Researchers at the University of Córdoba in Spain have developed a method of integrating hemoglobin, the primary constituent of red blood cells, into a battery. This innovation has resulted in the creation of a prototype that remained functional for a period of 20 to 30 days.
Zinc-air batteries provide a very sustainable alternative to the widely used lithium-ion batteries, which now provide power for a wide range of devices, including laptops and electric cars. They operate through a chemical process known as the oxygen reduction reaction. During the battery operation, the cathode (positive end) facilitates the reduction of oxygen to water, while the anode (negative end) facilitates the oxidation of zinc, resulting in the release of electrons.
In order to sustain the reaction, it is necessary to own a proficient catalyst that has very specialized features.

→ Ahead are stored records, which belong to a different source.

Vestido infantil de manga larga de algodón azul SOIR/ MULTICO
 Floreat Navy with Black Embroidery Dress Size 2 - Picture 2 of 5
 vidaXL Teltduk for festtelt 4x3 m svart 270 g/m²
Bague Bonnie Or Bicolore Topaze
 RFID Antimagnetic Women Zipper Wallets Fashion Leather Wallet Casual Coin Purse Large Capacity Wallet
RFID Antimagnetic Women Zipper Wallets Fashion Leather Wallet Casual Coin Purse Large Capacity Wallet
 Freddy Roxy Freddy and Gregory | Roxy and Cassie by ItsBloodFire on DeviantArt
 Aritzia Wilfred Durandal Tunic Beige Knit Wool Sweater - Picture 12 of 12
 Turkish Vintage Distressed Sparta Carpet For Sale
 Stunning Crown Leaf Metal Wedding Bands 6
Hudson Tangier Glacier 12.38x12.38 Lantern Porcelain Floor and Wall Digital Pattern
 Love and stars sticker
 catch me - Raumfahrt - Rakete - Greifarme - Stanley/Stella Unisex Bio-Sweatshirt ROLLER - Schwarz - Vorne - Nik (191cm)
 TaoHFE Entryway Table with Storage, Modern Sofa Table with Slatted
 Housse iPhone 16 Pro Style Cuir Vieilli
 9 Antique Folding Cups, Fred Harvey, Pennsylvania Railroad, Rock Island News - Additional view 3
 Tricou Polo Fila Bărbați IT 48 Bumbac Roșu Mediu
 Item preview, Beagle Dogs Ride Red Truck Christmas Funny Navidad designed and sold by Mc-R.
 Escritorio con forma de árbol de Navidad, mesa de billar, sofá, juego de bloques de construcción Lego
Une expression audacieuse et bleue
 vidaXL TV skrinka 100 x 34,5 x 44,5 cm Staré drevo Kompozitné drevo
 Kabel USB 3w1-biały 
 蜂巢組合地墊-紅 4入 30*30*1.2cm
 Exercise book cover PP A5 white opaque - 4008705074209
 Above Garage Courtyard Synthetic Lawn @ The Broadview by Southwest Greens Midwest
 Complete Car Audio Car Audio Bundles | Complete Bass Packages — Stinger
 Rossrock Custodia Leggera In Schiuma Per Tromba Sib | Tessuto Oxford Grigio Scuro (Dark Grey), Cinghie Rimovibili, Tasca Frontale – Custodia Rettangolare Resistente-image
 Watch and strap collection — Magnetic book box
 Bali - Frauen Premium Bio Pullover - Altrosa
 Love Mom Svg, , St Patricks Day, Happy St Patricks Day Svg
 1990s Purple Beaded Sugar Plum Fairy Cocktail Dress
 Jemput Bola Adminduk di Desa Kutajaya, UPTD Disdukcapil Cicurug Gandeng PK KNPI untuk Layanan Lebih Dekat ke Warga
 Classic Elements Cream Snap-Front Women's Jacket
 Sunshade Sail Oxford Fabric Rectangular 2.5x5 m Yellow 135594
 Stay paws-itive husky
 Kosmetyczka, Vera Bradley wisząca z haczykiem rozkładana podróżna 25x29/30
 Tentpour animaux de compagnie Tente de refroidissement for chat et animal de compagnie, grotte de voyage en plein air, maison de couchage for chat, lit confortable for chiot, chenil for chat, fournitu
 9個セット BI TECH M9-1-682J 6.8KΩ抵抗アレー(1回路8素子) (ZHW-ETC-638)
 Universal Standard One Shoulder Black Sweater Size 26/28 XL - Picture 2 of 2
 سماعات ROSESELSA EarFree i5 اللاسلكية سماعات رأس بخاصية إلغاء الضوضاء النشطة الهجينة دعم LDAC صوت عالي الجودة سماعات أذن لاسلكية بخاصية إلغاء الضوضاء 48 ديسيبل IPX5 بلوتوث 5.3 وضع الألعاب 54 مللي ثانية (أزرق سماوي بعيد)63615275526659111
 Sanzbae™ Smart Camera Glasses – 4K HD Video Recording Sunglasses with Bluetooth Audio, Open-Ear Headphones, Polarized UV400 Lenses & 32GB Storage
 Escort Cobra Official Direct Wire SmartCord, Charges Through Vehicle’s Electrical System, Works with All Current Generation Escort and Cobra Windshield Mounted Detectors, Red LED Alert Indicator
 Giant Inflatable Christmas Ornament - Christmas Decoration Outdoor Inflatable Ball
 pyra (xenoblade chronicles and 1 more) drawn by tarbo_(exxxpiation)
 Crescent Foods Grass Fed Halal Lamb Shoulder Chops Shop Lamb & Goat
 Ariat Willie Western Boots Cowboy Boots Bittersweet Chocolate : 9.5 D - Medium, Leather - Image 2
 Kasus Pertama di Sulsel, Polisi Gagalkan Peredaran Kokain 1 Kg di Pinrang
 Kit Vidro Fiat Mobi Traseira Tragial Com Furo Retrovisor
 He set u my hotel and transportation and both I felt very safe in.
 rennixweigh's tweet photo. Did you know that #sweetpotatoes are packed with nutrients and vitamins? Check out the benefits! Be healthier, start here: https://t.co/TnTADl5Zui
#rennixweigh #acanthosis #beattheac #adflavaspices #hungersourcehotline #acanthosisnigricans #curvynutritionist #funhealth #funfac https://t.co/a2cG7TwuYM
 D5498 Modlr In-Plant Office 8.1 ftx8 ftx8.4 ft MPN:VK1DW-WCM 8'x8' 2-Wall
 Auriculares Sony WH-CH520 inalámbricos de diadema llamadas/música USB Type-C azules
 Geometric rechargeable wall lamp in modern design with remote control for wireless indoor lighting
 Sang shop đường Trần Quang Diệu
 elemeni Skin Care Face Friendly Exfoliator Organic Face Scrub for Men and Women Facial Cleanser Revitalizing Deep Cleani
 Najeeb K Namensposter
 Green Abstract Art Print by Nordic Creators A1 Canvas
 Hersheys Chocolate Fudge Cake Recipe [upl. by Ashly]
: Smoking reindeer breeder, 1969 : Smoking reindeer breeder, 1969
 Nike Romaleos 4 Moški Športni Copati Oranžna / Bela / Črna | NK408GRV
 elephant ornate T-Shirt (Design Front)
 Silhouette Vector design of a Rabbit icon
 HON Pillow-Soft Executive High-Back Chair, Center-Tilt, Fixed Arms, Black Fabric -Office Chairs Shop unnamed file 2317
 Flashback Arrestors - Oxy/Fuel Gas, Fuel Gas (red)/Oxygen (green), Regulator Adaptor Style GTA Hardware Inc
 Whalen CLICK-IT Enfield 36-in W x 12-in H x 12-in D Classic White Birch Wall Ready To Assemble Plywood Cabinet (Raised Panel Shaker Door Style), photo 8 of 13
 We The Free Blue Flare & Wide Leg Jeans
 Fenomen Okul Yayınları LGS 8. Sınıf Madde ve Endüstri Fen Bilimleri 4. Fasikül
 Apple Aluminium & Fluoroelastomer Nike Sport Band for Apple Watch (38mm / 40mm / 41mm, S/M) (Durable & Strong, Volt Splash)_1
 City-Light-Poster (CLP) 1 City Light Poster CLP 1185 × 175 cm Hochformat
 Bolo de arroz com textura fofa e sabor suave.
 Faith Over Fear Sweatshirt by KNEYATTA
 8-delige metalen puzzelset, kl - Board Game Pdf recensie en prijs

The researchers discovered that hemoglobin had particular properties. “In order to effectively catalyze the oxygen reduction reaction, the catalyst must possess two essential properties: rapid absorption of oxygen molecules and facile formation of water molecules,” explained senior scientist Manuel Cano Luna in a formal statement. “Hemoglobin satisfied those criteria.”
Hemoglobin is the protein responsible for the distinctive color and oxygen transport capacity of red blood cells. Hemoglobin, which is essential for human bodily functions, also shown remarkable performance in the battery, as a mere 0.165 milligrams of it sustained the battery’s operation for a period of 20-30 days.
According to the researchers, the use of a biocompatible catalyst like this is crucial for the application of these batteries in internally implanted devices, such as pacemakers. The battery operates optimally at a pH of 7.4, a level closely resembling the pH of blood. The potential applications might also include other species, since hemoglobin analogues are found in several animals.
Nevertheless, there are still certain aspects that need further refinement. The primary concern now is on the lack of rechargability in the prototype. Consequently, the team is actively seeking a protein with the potential to convert water into oxygen, thereby initiating a new cycle of reactions. The need for oxygen is a significant constraint, rendering these batteries unsuitable for use in space applications.
However, it remains an intriguing prospect. The challenge of energy storage continues to be a significant obstacle in humanity’s endeavor to transition towards a more environmentally friendly future. The performance of batteries is constantly improving. Although lithium-ion batteries clearly play a crucial role in this narrative, concerns around the availability of sufficient lithium and the resulting waste production indicate the need for other solutions.
One potential option may be a hemoglobin-based battery that is compatible with living organisms.
The research is published in the Energy & Fuels journal.